§ Instructions to follow: Whatever precedes the line containing "Mykolaiv ウクライナ 10月15" is not copied; that line and every line after it through the final one below are copied exactly, except pictures.

Pictures with short captions:

*** Begin section ***

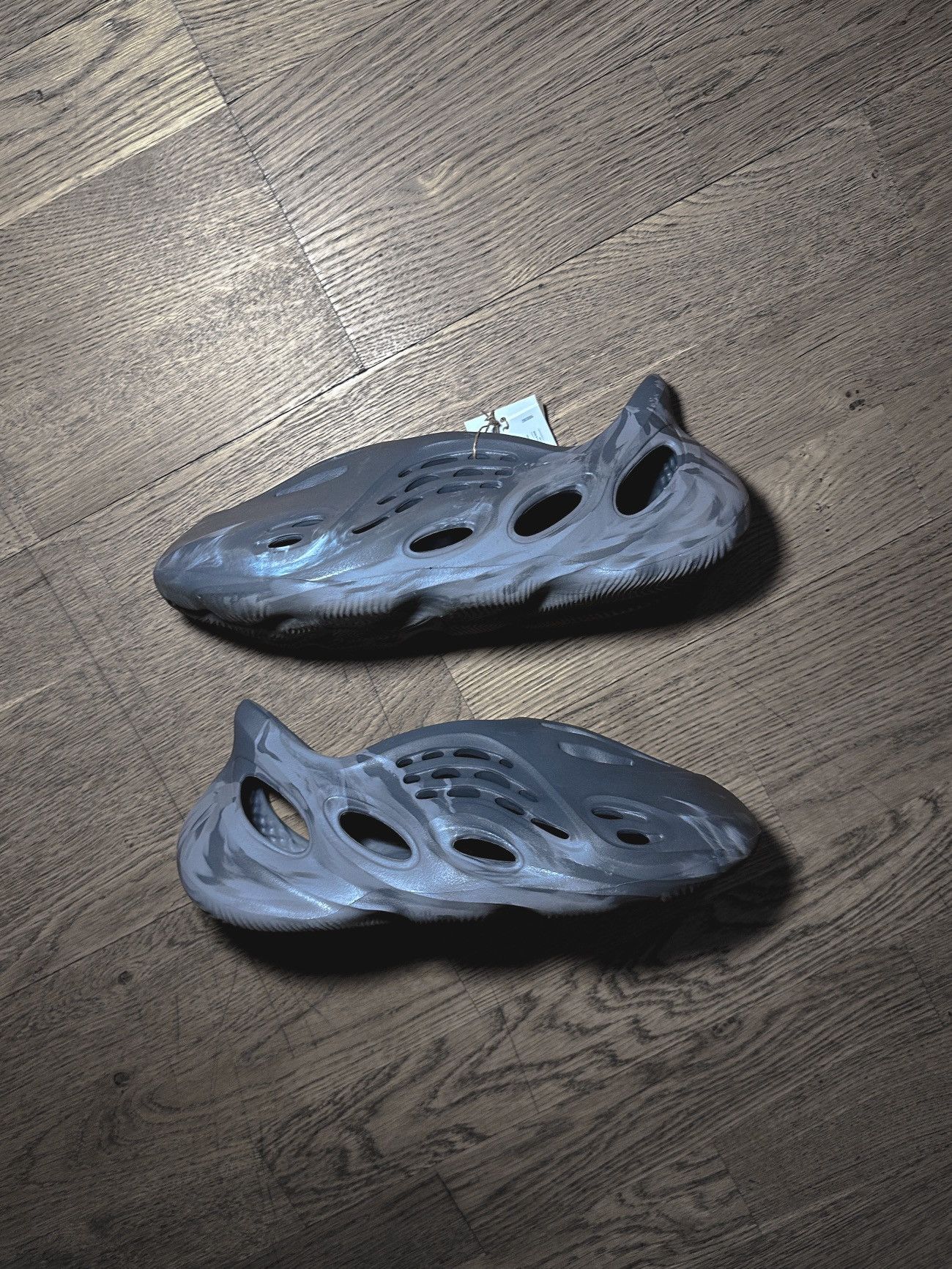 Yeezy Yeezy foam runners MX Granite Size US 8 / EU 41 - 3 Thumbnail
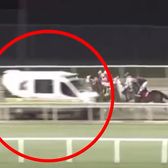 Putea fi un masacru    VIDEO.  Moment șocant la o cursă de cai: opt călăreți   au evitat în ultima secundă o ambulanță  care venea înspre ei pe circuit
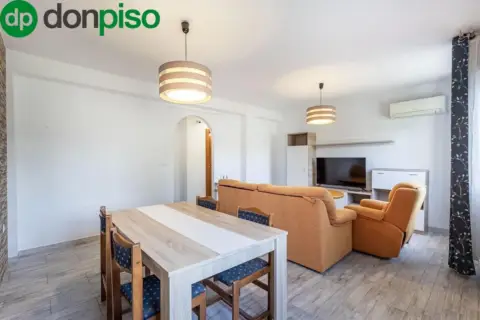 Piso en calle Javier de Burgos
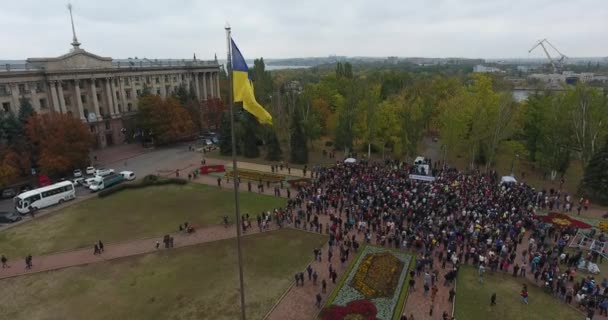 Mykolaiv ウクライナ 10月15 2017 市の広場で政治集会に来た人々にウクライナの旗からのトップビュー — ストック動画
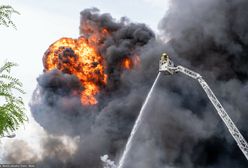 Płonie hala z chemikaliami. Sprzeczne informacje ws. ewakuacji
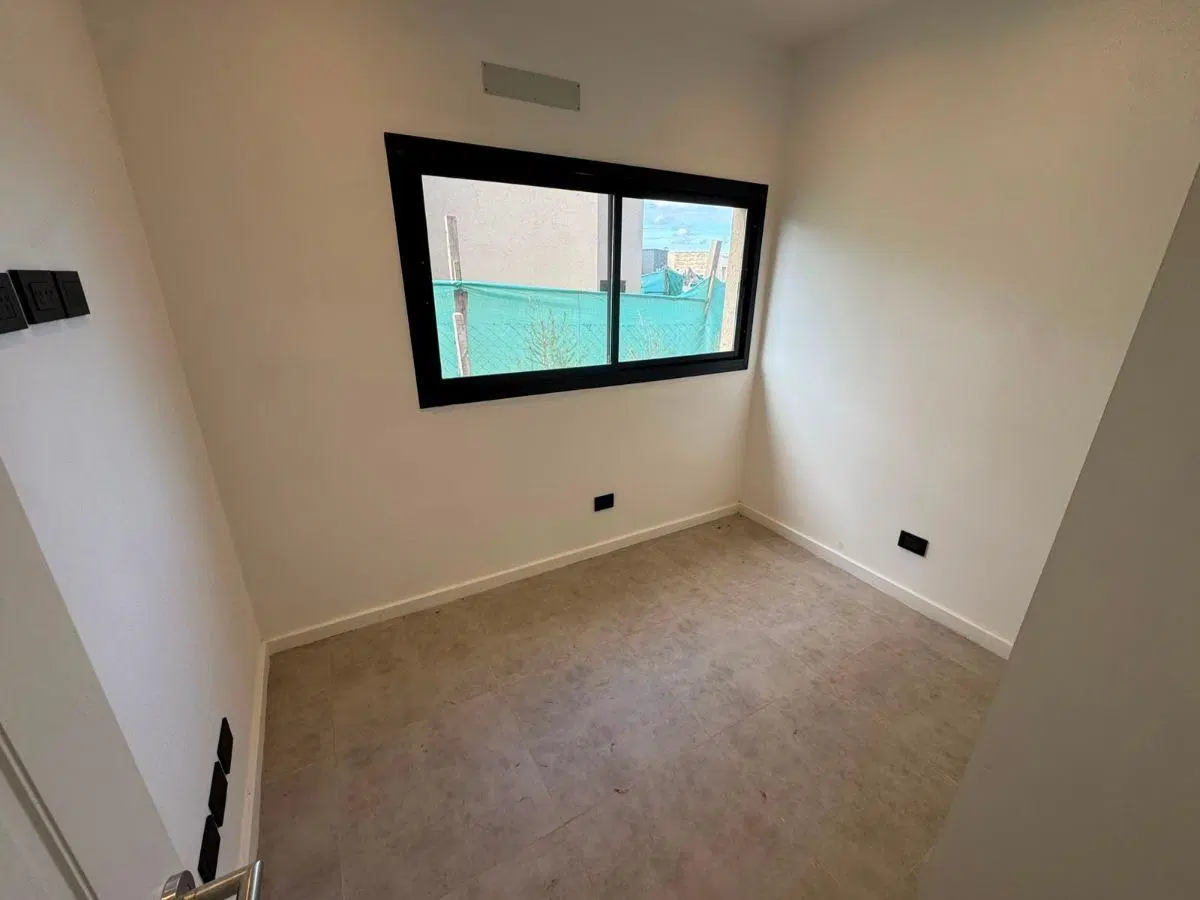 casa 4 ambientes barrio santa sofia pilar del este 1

*** End section ***

§ Completed task:
 Mykolaiv ウクライナ 10月15 2017 市の広場で政治集会に来た人々にウクライナの旗からのトップビュー — ストック動画
 Płonie hala z chemikaliami. Sprzeczne informacje ws. ewakuacji
 casa 4 ambientes barrio santa sofia pilar del este 1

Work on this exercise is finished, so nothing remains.